How Much Water to Store
The general recommendation most often given for how much water to store is 1 gallon per day, per person. So, a family of four would need 12 gallons of water for a 3-day period (1 gallon X 4 people X 3 days). In my opinion, this is an absolute minimum recommendation.
A better recommendation would be 1 gallon of potable water (that is, water safe for drinking, brushing teeth, cleaning wounds, food prep, and cooking) per day per person, PLUS additional water for flushing toilets, general household cleaning, and bathing (external only; brush teeth & clean wounds with potable water). PLUS, don't forget additional water for pets and livestock.
Also, I would recommend storing enough water for 2 weeks (14 days), rather than just 3 days. This recommendation would be 56 gallons of potable water for a family of four (1 gallon X 4 people X 14 days), plus additional water for non-potable uses, pets, and livestock. How much additional water will depend on your situation, so use commonsense and your best estimates to come up with your target amount.
NOTE: This is a minimum recommendation. More is always better.
Water for Washing Pots, Pans, and Dishes
Do you need potable water to wash pots, pans, and dishes? There is some disagreement on this issue. The following is my opinion, and what I do.
There is an adage "Germs dry. Germs die." I have no problem washing cookware, dishes, and utensils with regular (non-potable) water, as long as they are allowed to dry thoroughly before their next use. I've never gotten sick from doing this, and know of no one else who has. Many folks agree with me. Others don't. Decide for yourself. If you insist on washing dishes only with potable water, you will have to add more potable water to your storage to account for this use.
Containers to NOT Use for Water Storage
- Milk Jugs - not designed for long-term storage and will eventually leak; difficult to completely wash out the fats & proteins from the milk which may promote bacterial growth; plastic is of a type that may leach chemicals into the water over time.
- Crystal Glass and Antique Glass Containers - the glass may contain lead.
- Bleach Bottles - bleach bottles are treated with a chemical agent that may leach into water over time.

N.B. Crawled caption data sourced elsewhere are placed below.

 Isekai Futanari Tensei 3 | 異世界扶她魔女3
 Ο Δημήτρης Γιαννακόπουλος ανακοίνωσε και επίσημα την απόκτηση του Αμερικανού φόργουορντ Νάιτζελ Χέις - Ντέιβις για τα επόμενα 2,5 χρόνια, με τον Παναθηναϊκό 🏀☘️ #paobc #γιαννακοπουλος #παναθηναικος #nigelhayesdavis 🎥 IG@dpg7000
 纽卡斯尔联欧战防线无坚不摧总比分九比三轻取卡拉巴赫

- Ozark Trail 6-gal water jugs - I've written about this before, but the giant X stamped into the sides is a major design flaw that will eventually spring leaks 100% of the time: read my warning article for details.

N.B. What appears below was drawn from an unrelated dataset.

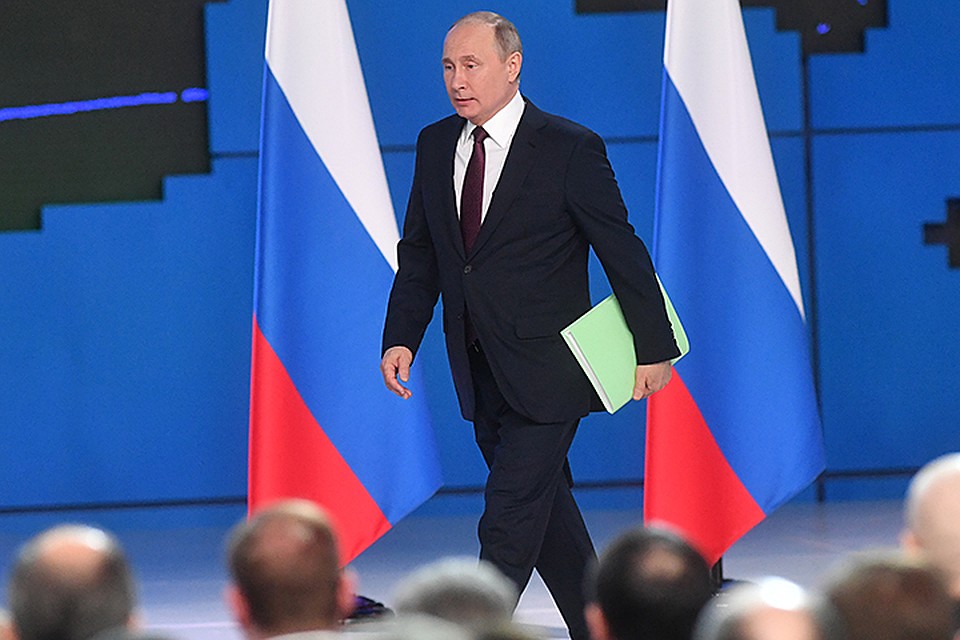 Владимир Путин обратился с посланием к Федеральному Собранию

- Containers that previously held toxic substances - impossible to clean thoroughly enough to be made safe.
Containers to Use for Water Storage
- Water Tanks designed for the purpose of water storage - many types and sizes available on Amazon.
- Water Containers designed for water storage - I use AquaTainers, and have never had one leak (they are also BPA-free).

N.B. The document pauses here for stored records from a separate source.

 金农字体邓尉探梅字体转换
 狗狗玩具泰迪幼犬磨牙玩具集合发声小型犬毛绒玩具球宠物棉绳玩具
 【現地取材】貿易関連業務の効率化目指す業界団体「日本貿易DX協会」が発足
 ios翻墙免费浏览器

- Food Grade plastic and glass bottles - used bottles with tight-fitting screw-on tops that once contained water, juice, soda, or wine can be cleaned and repurposed for water storage; I use 1-gallon table wine bottles. Keep see-trough bottles in a dark room or closet, or otherwise covered to protect from light, to prevent growth of bacteria, algae, or mold.
Are Plastic Bottles and Containers Safe for Water Storage?
Plastic can leach into water over the long-term, but not all plastic leaches equally. Stick to food grade and BPA-free plastics for your long-term storage. Remember this: You will die of dehydration (in days) long before you'll die from plastic toxicity (after years of consumption, if ever). In a true long-term emergency situation, plastic water containers will be the very least of your problems.
How Long Will Water Store?
Non-potable water stores indefinitely, without need for rotation.
Potable water, assuming it is properly stored, also stores indefinitely, without need for rotation. However, potable water will begin to taste "flat" after about six months or so. It is still safe to drink, and the taste can be improved by introducing air into it (think bubbles). Of course, if you notice algae or mold in the water, do not use it without treating first.
- Clean and thoroughly dry all bottles, tanks, and containers - both used and new - before filling with water for long-term storage.
- If your tap water is already safe for drinking, it should also be safe for long-term storage without additional treatment.
- Unsure of your water? Have it tested first, then treat if necessary.
- Want some extra insurance? Add 2-4 drops of unscented bleach per quart of water.
- Store your long-term water away from direct sunlight and heat, and away from gasoline, kerosene, pesticides, and other chemicals (both to prevent contamination and to prevent possible degradation of plastic containers).